__Information__
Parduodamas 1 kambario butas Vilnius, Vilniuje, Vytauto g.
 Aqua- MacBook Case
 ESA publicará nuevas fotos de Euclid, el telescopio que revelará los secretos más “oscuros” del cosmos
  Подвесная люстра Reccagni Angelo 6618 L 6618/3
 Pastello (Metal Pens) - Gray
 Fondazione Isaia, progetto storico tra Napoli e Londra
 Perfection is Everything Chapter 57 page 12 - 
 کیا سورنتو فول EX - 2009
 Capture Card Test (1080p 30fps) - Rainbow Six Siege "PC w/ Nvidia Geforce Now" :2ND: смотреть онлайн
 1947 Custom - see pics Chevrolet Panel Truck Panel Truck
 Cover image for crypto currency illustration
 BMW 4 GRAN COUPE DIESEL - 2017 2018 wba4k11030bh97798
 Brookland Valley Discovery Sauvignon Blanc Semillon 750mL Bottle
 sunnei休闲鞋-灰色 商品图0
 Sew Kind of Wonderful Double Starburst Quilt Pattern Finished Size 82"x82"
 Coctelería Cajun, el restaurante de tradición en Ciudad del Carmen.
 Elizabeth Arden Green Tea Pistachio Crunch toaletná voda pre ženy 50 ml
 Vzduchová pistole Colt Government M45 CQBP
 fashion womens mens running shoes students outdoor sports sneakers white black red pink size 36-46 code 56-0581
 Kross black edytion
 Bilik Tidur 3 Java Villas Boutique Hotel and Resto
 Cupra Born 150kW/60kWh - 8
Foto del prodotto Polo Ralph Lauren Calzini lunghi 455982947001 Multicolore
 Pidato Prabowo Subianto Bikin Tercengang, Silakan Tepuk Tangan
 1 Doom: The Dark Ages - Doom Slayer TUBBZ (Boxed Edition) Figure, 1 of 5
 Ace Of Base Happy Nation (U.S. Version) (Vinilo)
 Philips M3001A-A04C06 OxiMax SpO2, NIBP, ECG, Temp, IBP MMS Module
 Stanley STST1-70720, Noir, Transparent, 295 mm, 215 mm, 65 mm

__What you have to do__
Retype the data. Keep every word as it stands.

__Completed task__
Parduodamas 1 kambario butas Vilnius, Vilniuje, Vytauto g.
 Aqua- MacBook Case
 ESA publicará nuevas fotos de Euclid, el telescopio que revelará los secretos más “oscuros” del cosmos
  Подвесная люстра Reccagni Angelo 6618 L 6618/3
 Pastello (Metal Pens) - Gray
 Fondazione Isaia, progetto storico tra Napoli e Londra
 Perfection is Everything Chapter 57 page 12 - 
 کیا سورنتو فول EX - 2009
 Capture Card Test (1080p 30fps) - Rainbow Six Siege "PC w/ Nvidia Geforce Now" :2ND: смотреть онлайн
 1947 Custom - see pics Chevrolet Panel Truck Panel Truck
 Cover image for crypto currency illustration
 BMW 4 GRAN COUPE DIESEL - 2017 2018 wba4k11030bh97798
 Brookland Valley Discovery Sauvignon Blanc Semillon 750mL Bottle
 sunnei休闲鞋-灰色 商品图0
 Sew Kind of Wonderful Double Starburst Quilt Pattern Finished Size 82"x82"
 Coctelería Cajun, el restaurante de tradición en Ciudad del Carmen.
 Elizabeth Arden Green Tea Pistachio Crunch toaletná voda pre ženy 50 ml
 Vzduchová pistole Colt Government M45 CQBP
 fashion womens mens running shoes students outdoor sports sneakers white black red pink size 36-46 code 56-0581
 Kross black edytion
 Bilik Tidur 3 Java Villas Boutique Hotel and Resto
 Cupra Born 150kW/60kWh - 8
Foto del prodotto Polo Ralph Lauren Calzini lunghi 455982947001 Multicolore
 Pidato Prabowo Subianto Bikin Tercengang, Silakan Tepuk Tangan
 1 Doom: The Dark Ages - Doom Slayer TUBBZ (Boxed Edition) Figure, 1 of 5
 Ace Of Base Happy Nation (U.S. Version) (Vinilo)
 Philips M3001A-A04C06 OxiMax SpO2, NIBP, ECG, Temp, IBP MMS Module
 Stanley STST1-70720, Noir, Transparent, 295 mm, 215 mm, 65 mm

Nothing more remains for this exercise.